Mais l'attavisme familial resurgit à la génération suivante : Antoine II de Louvain, seigneur de Rognac, brigand et routier sans foi ni loi, assiège son cousin utérin Jean Puy (ils sont tous les deux petit-fils de Blanche) au château voisin de Longeville, dont il revendiquait l'héritage. Pour ce faire, il s'empare de sa femme qui meurt des mauvais traitements infligés. Condamné à mort par contumace, ses biens sont saisis et il doit fuir en terre d'empire (1546).

 

En 1529, Nesles est racheté par le connétable Anne de Montmorency, déjà propriétaire du château de Fère et sans doute pour agrandir son territoire de chasse.
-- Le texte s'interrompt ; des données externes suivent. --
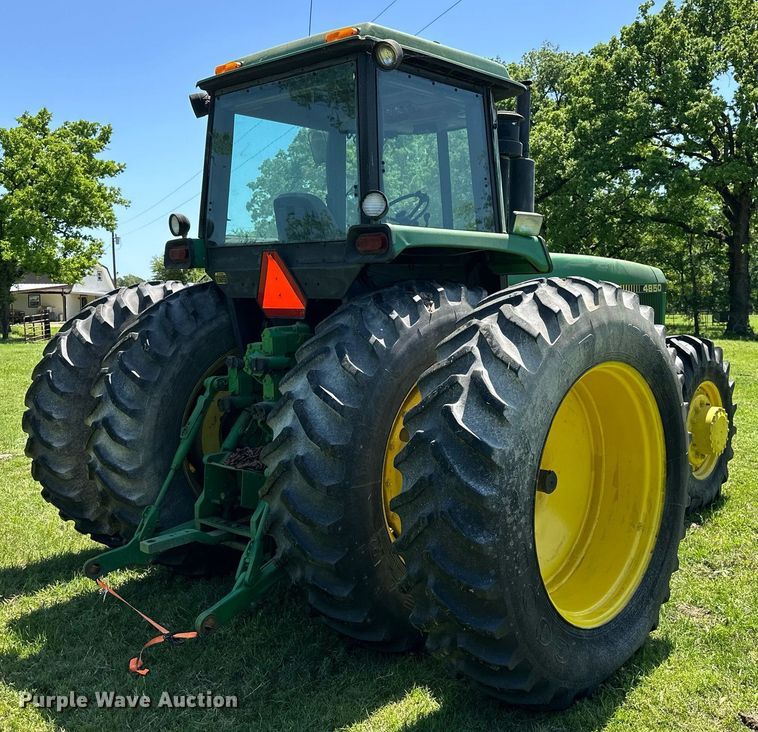 image for item EF2994 1984 John Deere 4850 MFWD tractor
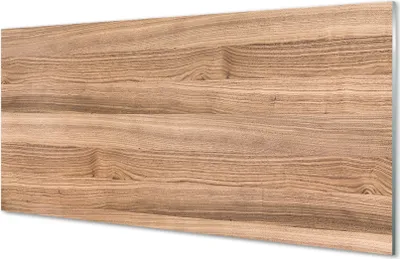 Produktbild von Glasbilder 100x50 Wandkunst Holzplattenstruktur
Il passa ensuite à divers seigneurs avant d'être acquis en 1656 par le maréchal de Clérembault dont les héritiers, la famille Bouthilier de Chavigny, le conservèrent jusqu’en 1806.

 

Le château fut pris et repris  au cours des guerres de religion et probablement démantelé au XVIIème s., perdant ainsi ses toitures et couronnements ; ses bâtiments sont alors convertis en exploitation agricole.

 

Il est encore occupé par les Allemands durant la 1ère guerre mondiale et libéré le 31 juillet 1918 après 3 jours de combat par les Américains de la 42e division US rainbow, commandée par le colonel Douglas MacArthur. L'important cimetière militaire américain Oise-Aisne, à 1 km du château constitue un témoignage poignant de la violence de ces combats.

 

Classé Monument Historique en 1922, sa restauration a été entreprise à partir des années 1970 par Monsieur et Madame Henry Cottin. Le château de Nesles demeure une propriété privée.